After writing the blog about Enlightenment, I have been thinking a lot about judgment. While I was writing the blog, I realized it held some fundamental truths for me. The biggest being that to release judgment is a huge step towards enlightenment. So, as I do, I began thinking about all the ways judgments affect my life. I realized judgment affects pretty much everything I think. Some are more important than others. For instance, when I decide what I want to eat for breakfast, I am weighing the different food choices against what my body seems to desire and then I make a judgment/decision as to which food best suits me that morning. Many decisions are judgments. These judgments are only important in whether I am attached to the decision. If I am attached, then maybe I need to consider why that decision/judgment is so important to me and whether I release whatever is causing the importance.
Other judgments, which rank a little higher in importance for releasing, like getting rid of “stuff” around the house and on our property, how to schedule my time, what extra curricular activities I choose, and whether I schedule time for me are more in line with judgments that tell me about myself. What do I value? What has a higher priority in my life? Do I put myself first or last? Why do I have so much “stuff?” Why do I fear getting rid of some things and not others. Why do I feel the need to make certain purchases? What do I need vs. what do I want? What do I mean when I say I want to simplify my life? What is my ideal life? How does it look? What does it feel like? How much can I let go of in my life? Can I live in such a way that I can leave my home, rent it to another, and then come back and be happy with what I find? The more I can release and be happy means both a life that is simple and a release of judgment.
The other thing that seems to go hand-in-hand with releasing judgment is to be more forgiving. I am doing really well with forgiving others. I need more forgiveness for myself. I realize that finding more forgiveness for myself means I will judge others less so there will be less need to forgive for others. I’ve always been very hard on myself so forgiveness for myself has always been difficult. I’m improving. I realize we all do the best we can at any point in time. I find I spend a lot of time in the past because I’m busy thinking about how I could have done things differently. I don’t desire to live in the past. I must forgive myself for decisions and actions, in the past, so I can live in the present.

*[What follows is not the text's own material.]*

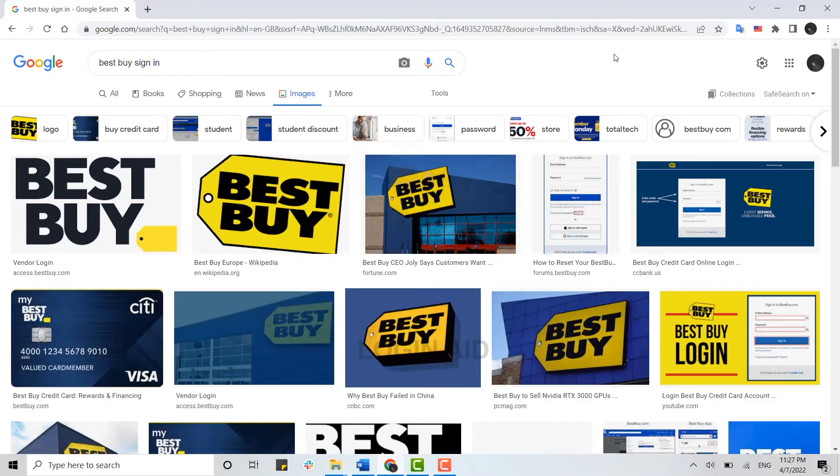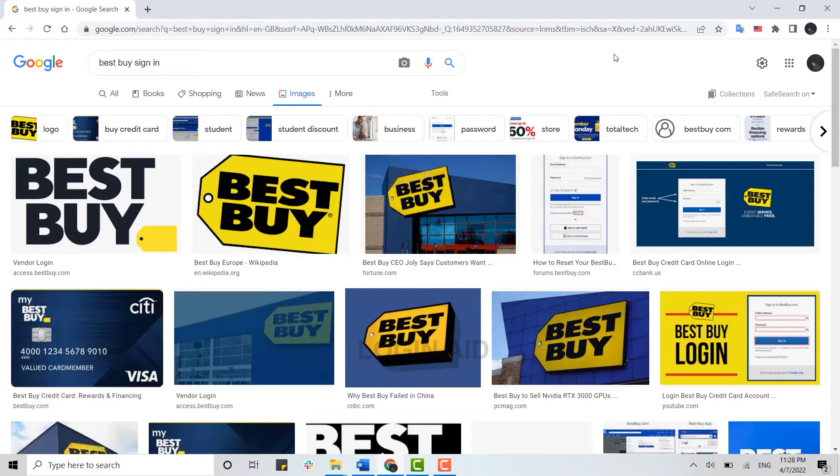Hello everyone, welcome back to the Login Channel. Today for this video I will be showing you how you can sign in to your Best Buy account on the web browser. First, open the browser and open a new tab.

Judgment and forgiveness. Two big ideas. I can see where forgiveness may be the larger issue. If I can find forgiveness for myself in all things then I’m more likely to be non-judgmental which means less need for forgiveness. Of course, recognizing where I am judgmental helps me realize where I need to implement more forgiveness. It’s a process and I forgive myself for being judgmental about my progress to Enlightenment being less than immediate.